═════ GIVEN DATA ═════

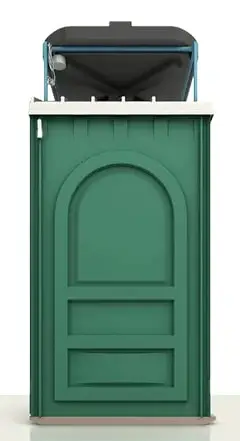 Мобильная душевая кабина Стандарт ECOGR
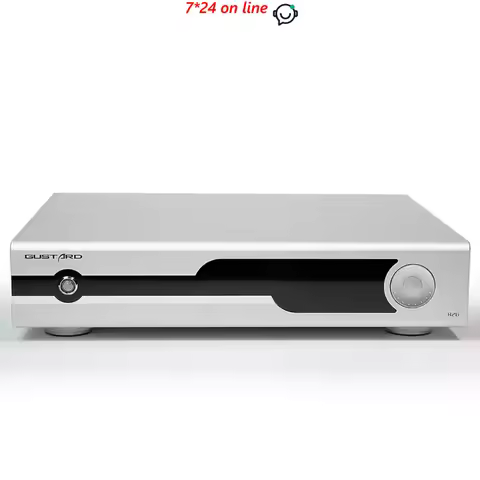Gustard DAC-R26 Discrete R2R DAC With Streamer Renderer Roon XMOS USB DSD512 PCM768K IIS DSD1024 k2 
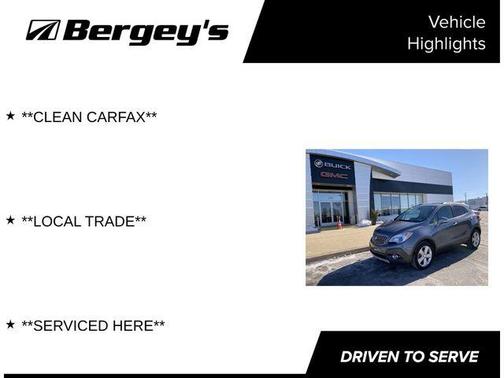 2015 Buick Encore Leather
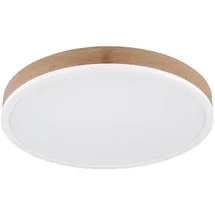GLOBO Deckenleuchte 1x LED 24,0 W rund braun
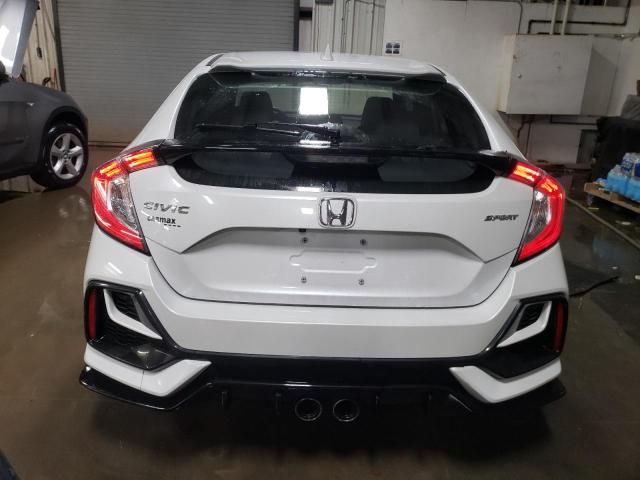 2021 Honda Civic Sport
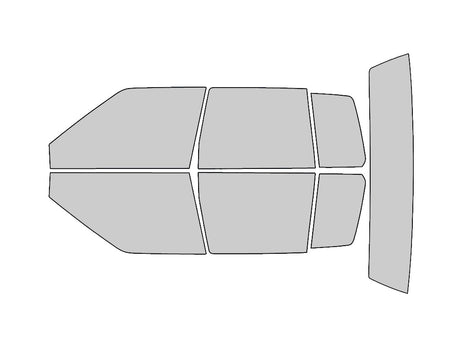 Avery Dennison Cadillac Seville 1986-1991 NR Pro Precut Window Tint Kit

═════
═════ GIVEN DATA ═════

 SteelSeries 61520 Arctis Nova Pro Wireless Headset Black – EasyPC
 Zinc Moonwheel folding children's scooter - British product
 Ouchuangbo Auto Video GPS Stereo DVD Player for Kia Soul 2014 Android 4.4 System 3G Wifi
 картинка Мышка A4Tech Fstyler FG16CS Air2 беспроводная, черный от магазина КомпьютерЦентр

═════
═════ GIVEN DATA ═════

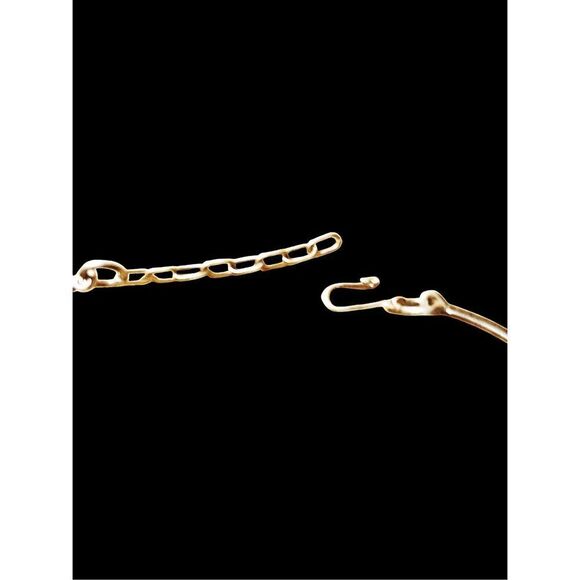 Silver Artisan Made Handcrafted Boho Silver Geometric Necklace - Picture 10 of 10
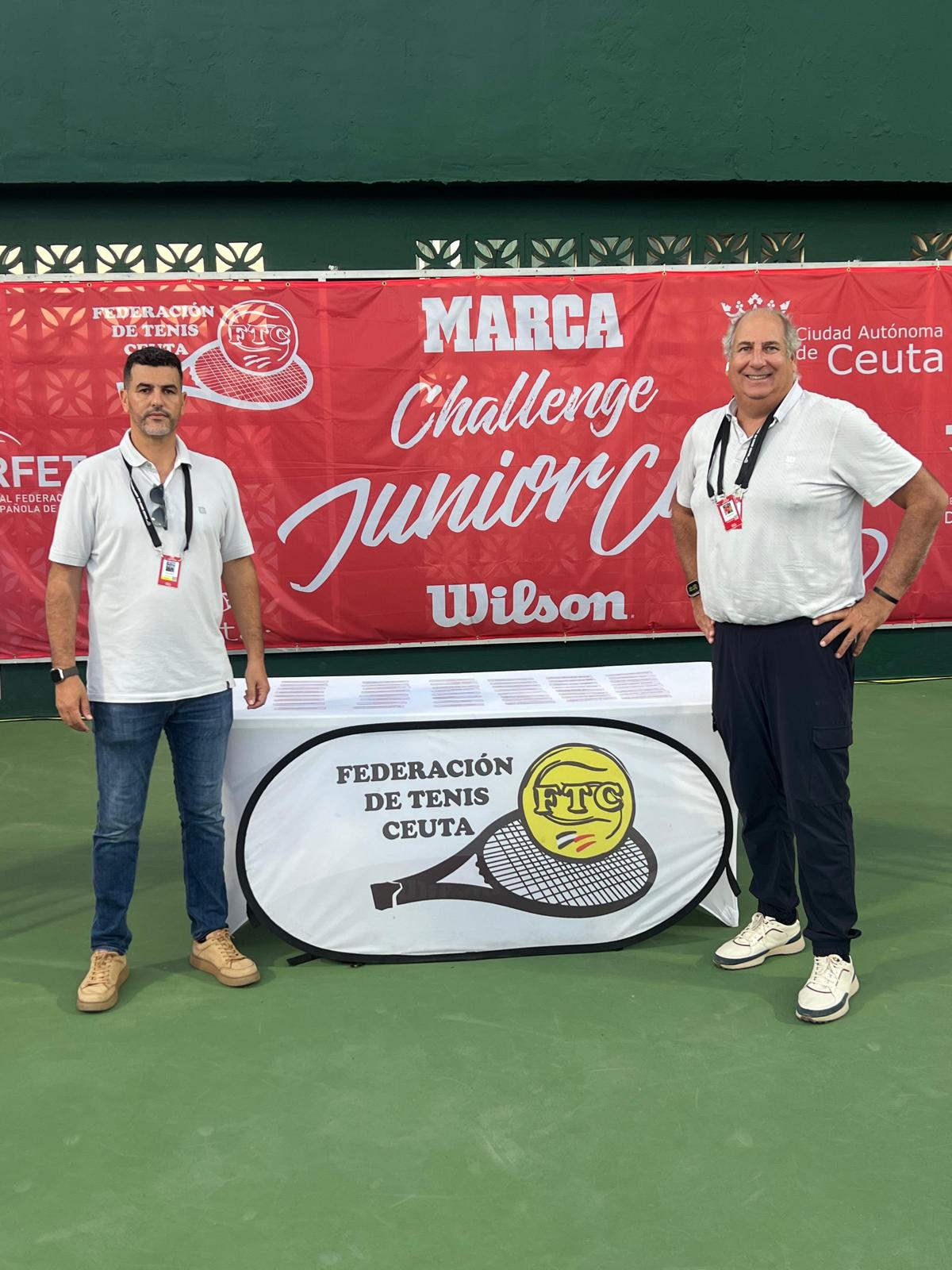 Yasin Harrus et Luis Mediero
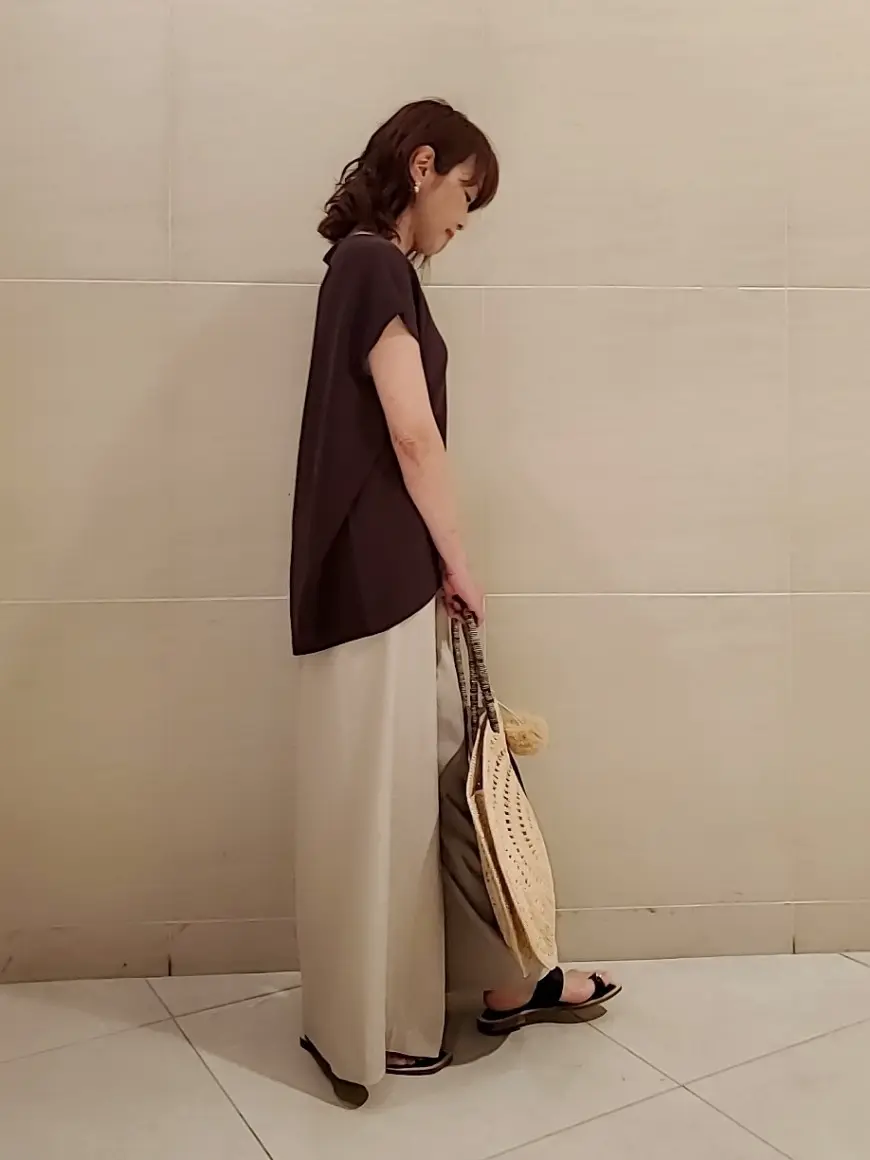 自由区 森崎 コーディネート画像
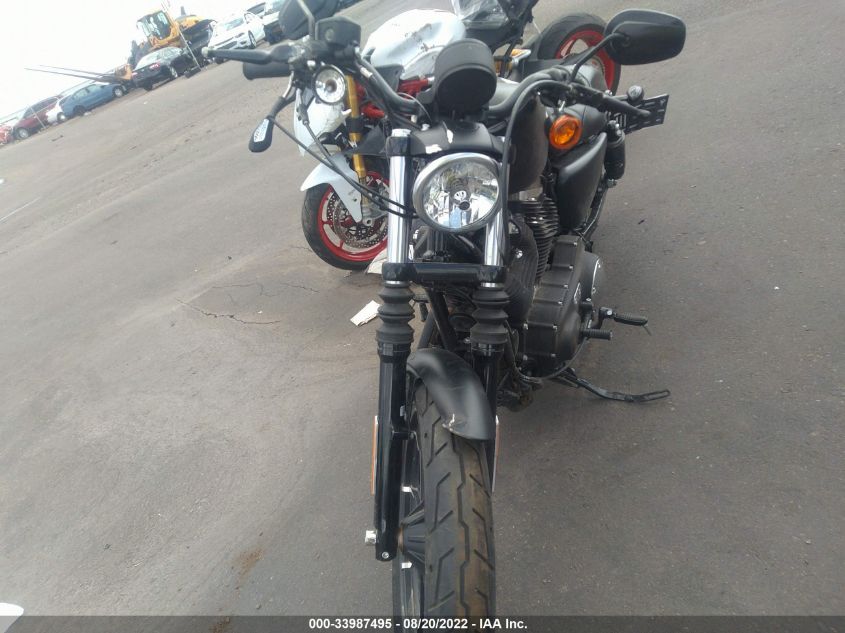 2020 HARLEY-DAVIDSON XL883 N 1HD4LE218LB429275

═════

> [WHAT TO WORK ON] Take only the lines above from the one that has "2021 Honda Civic Sport" through the one that has "Avery Dennison Cadillac" and reproduce them exactly, omitting any pictures.

> [RESPONSE]
 2021 Honda Civic Sport
 Avery Dennison Cadillac Seville 1986-1991 NR Pro Precut Window Tint Kit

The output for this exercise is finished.